Due to low ejection fraction percentages, the claimant had a cardiac defibrillator implanted in 2012.  “Other heart problems that he was diagnosed with included diastolic dysfunction, severely dilated left ventricular chamber size, severely dilated left and right atriums, and mild aortic valve insufficiency.”

The Seventh Circuit observed:

“Nor is the ejection fraction the only evidence that [the claimant’s] left ventricle is impaired.

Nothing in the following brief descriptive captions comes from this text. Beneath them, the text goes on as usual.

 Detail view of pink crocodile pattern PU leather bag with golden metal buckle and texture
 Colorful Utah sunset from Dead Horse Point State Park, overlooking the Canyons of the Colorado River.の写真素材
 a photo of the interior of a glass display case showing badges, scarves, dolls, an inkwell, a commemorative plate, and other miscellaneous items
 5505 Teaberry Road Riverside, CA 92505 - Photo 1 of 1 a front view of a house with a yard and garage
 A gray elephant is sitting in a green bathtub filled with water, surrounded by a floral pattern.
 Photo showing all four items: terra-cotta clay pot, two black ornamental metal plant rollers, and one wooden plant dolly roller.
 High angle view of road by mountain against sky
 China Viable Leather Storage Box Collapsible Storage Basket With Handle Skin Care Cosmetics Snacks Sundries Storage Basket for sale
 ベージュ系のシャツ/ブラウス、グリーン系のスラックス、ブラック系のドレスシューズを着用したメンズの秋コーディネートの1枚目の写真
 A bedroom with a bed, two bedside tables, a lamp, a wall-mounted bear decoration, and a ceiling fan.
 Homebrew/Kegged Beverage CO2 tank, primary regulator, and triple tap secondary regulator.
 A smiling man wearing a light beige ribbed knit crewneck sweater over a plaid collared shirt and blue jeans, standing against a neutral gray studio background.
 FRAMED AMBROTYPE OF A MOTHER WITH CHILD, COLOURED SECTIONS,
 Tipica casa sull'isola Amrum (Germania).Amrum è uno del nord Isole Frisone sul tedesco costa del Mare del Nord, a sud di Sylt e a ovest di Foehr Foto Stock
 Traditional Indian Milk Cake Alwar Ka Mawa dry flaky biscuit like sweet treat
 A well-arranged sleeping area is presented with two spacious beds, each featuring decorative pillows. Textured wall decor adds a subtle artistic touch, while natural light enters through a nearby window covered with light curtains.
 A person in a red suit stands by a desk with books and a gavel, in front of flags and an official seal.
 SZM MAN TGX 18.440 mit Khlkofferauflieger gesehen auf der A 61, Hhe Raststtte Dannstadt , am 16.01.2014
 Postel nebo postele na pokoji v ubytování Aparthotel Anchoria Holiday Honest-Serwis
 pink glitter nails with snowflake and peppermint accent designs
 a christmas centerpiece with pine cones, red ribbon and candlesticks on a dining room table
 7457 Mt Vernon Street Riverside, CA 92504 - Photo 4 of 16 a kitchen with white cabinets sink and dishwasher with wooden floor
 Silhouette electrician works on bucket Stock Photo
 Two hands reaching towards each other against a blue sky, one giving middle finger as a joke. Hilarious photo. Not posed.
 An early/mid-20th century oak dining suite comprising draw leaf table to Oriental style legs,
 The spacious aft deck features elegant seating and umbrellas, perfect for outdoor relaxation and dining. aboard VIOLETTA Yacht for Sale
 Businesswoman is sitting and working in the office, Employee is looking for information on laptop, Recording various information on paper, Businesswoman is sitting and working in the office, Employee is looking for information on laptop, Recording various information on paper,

If the left ventricle is wider than 6 centimeters in its diastolic state (that is, when it is expanded and full of blood), this indicates a severe thinning of the heart muscle. . . . [The claimant’s] heart measurements have consistently revealed that his left ventricle is more than 6 centimeters wide.”

Diagnoses of two other treating physicians were:

“crackles in the lungs, bronchial markings, a hernia, acute bronchitis, depression, a systolic heart murmur, increased lung markings, increased dyspnea and chest pain, wheezing and coarse breath sounds, edema (swelling) of the ankles, headaches, and pain and swelling in the legs.”

“acute bronchitis and hypertension, coarse breath sounds, shortness of breath, coughing, fatigue, decreased exercise tolerance, severe fatigue, congestive heart failure, chronic obstructive pulmonary disease, obesity, etc., and an ejection fraction, still subnormal, of 35 to 40 percent [and] painful cysts on his legs . . . .”

With respect to the ability to work, despite medical impairments, the Court said:

“[The ALJ’s] conclusion that [the claimant] can sit for at least 6 hours a day at work and stand and/or walk another 2 hours a day, while sleeping 3 hours a day at work and missing 3 or more days of work per month, and keep to this schedule week after week, and continue employed until his sleeping on the job and absenteeism is noticed by the employer is — absurd.” [Emphasis added.]

The Seventh Circuit cited earlier holdings where it had noted:

“failing to recognize the difference between performing activities of daily living with flexibility (and often with help from family and friends) and performing to the standards required by an employer ‘is a recurrent, and deplorable, feature of opinions by administrative law judges in social security disability cases.’” [Emphasis added.]

In discussing pain symptoms, the Court stated that “it was wrong of the administrative law judge to fault [the claimant] for not taking strong opioids for pain, when his medical conditions did not require them and, as is now well known, opioids can be very dangerous.” [Emphasis added.]

Being approved for Social Security disability, if one lives long enough, is not an automatic process.